1-270 Infantry School Lecture

Publisher: The Johns Hopkins University Press

Infantry School Lecture1

[n.d.] [Fort Benning, Georgia]

Development in Tactics.

I have been asked to talk on the latest developments in tactics. This provides a broad subject that might be argued pro and con for a long series of evenings, so an extreme of brevity is necessary. Furthermore, much that I will say is the result of personal observations and represents my personal views, rather than the formal conclusions of the War Department. I offer these views merely as food for thought, in connection with your military studies and training.

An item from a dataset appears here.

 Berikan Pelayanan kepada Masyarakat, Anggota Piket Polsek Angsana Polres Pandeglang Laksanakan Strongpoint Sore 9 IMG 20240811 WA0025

To begin with, please keep clearly in mind that I am dealing with the finished product, as it were, and not discussing the preliminary training that is absolutely necessary to the education of a competent officer. Discipline and disciplinary methods, administration, logistics and elementary tactical technique—all matters of your current extension courses—are not the subject of this discussion. I will only invite your attention to the fact that a necessary preliminary for the musician is a painstaking practice of scales before he reaches the point of making music. Exact forms for orders and annexes, road spaces, systems of abbreviations, symbols for troop units, headquarters, dumps, etc., frontages, formations for attack or defense—estimates of the situations, and a multitude of similar matters of technique, are to the officer what scales and similar exercises are to the musician. Exactitude is required in each exercise, until the correct methods become automatic. That is the sort of training you are now undergoing. Later you will be in a position to add or subtract, to amend, or even to depart rather completely from the methods you have learnt—but not until you have thoroughly mastered the elementary technique.

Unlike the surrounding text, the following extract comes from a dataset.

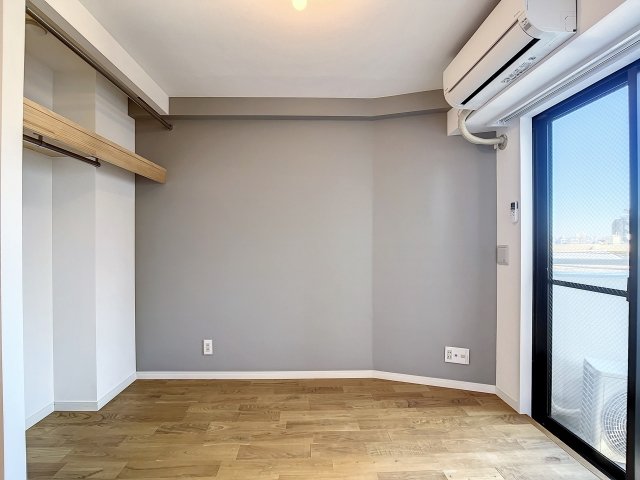 グレーのアクセントクロスが落ち着いた印象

Before commenting on recent tactical developments, I will ask you first to think back to the World War in its fourth year when the American Army appeared on the battlefield. That was a very special form of fighting, one of static or semi-siege warfare. It seemed very complicated because of the elaborate system of fighting sectors into which the front in France had gradually developed—immense masses of artillery, a maze of trenches, barbed-wire and concrete emplacements, thousands of miles of 60-centimeter railroad actually operating on the battlefield, huge dumps of ammunition and supplies, and installations comparable to the public utilities of great cities. Vast and complicated as this set-up appeared to us, it was more or less fixed in place. Our maps showed every enemy trench. We had photographs of his principal emplacements. We usually knew his strength, the location of most of his cannon and machine guns, the numeral and history of his organizations confronting us.

Green troops in a sector therefore had some chance of saving themselves from the full penalty of their errors. Similar failures in warfare of movement would have led to the destruction or temporary disintegration of a command.

In contrast, picture the opening campaign of a war. It is a cloud of uncertainties, haste, rapid movements, congestion on the roads, strange terrain, lack of ammunition and supplies at the right place at the right moment, failures of communications, terrific tests of endurance, and misunderstandings in direct proportion to the inexperience of the officers and the aggressive action of the enemy. Add to this a minimum of preliminary information of the enemy and of his dispositions, poor maps, and a speed of movement or in alteration of the situation, resulting from fast flying planes, fast moving tanks, armored cars, and motor transportation in general. There you have warfare of movement such as swept over Belgium or Northern France in 1914, but at far greater speed. That, gentlemen, is what you are supposed to be preparing for.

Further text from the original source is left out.